HOW TO BE A RADICAL IN THE TIME OF CORONA.
March 20, 2020

Take a good look at yourself in the mirror. Wonder who you dare to be in this moment of mass alarm, canceled everything, communal seeking, social distancing, self-quarantine.

Remember being a young babe, 2005, studying Sanskrit. Studying Proto-Indo-European root words like rad-, which means root, which is where we get the words radish, and radical. To be radical—to be •a• radical—is to get to the root of it, the truth of it, to be unwilling to settle for what things seem to be on the surface. To be radical is to demand the real, the grit, the honest. To be a radical is to stand for truth, to be able to see unflinchingly, not just amidst family and friends, not just within your community, but also within yourself. Have you, ever in your life, given yourself radical love, approached the hallowed doors of your mind with total honesty?

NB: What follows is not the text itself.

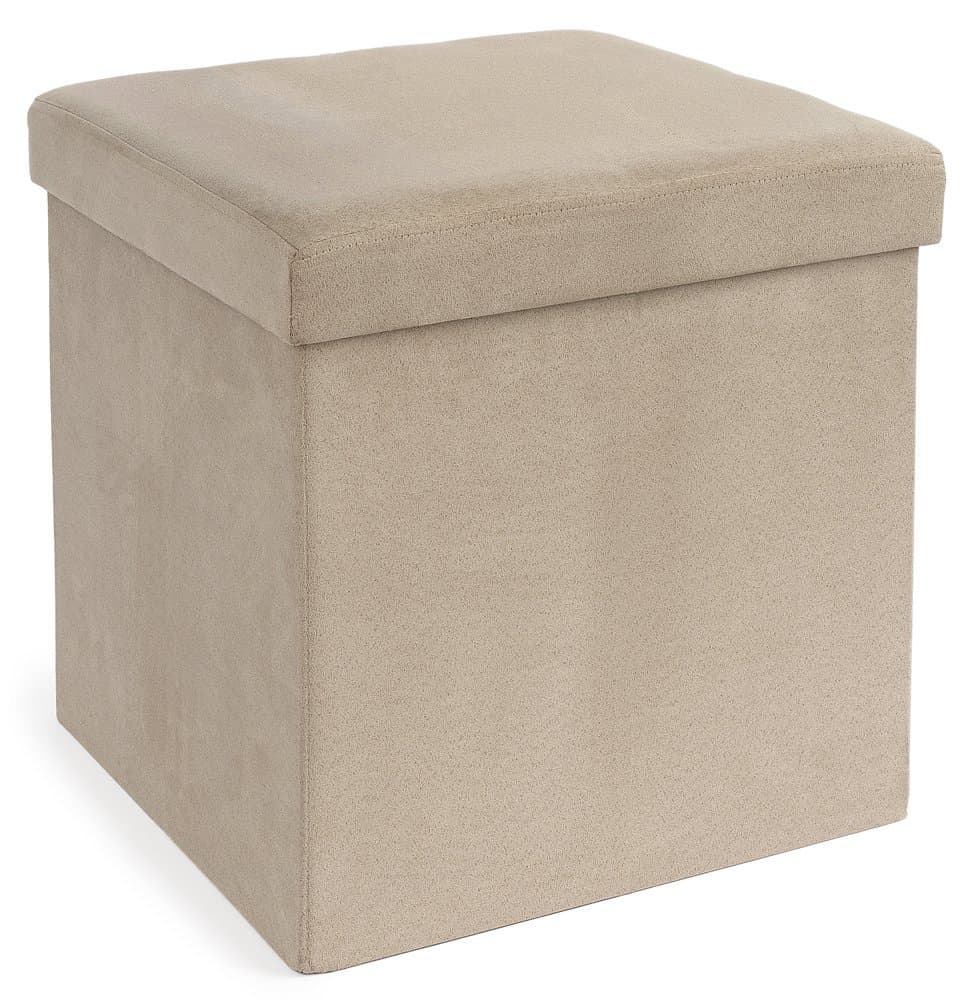 FHE Group Microsuede Folding Storage Ottoman, 15 by 15 by 15 Inches, Beige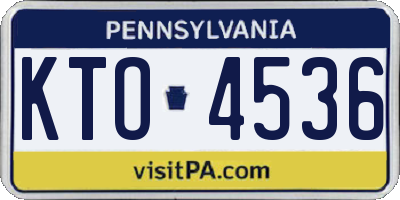 PA license plate KTO4536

Contemplate the difficulty here. Contemplate the ways in which you look away, you don’t want to see yourself, or others, those who don’t look like you, other roots in the soil that take distinct shape. Can you see who you are? Who you’ve become? What the ground where you’re planted, where you’re growing, has made of you? To get radical, to the root, the soil of your becoming must be tilled regularly. With compassion, with ruthless honesty, with a gathering of what makes you strong, and a release of what prevents growth.

Of course, every now and again, blight will threaten the strength of your root system. And you will remember you are nothing without the soil itself, the entire ecosystem you thrive in, that you cannot survive without acknowledging your interdependence as one tiny, perhaps memorable, part of the whole. It is the loam that teaches you to send tender shoots down into darkness. That demands you stand in the sun and see, in stark awe, what becomes of a world filled with those who choose to open their eyes to each other, to feel, to give, to be fully. Rooted. Radicals.

Look in the mirror today. I dare you. What do you see?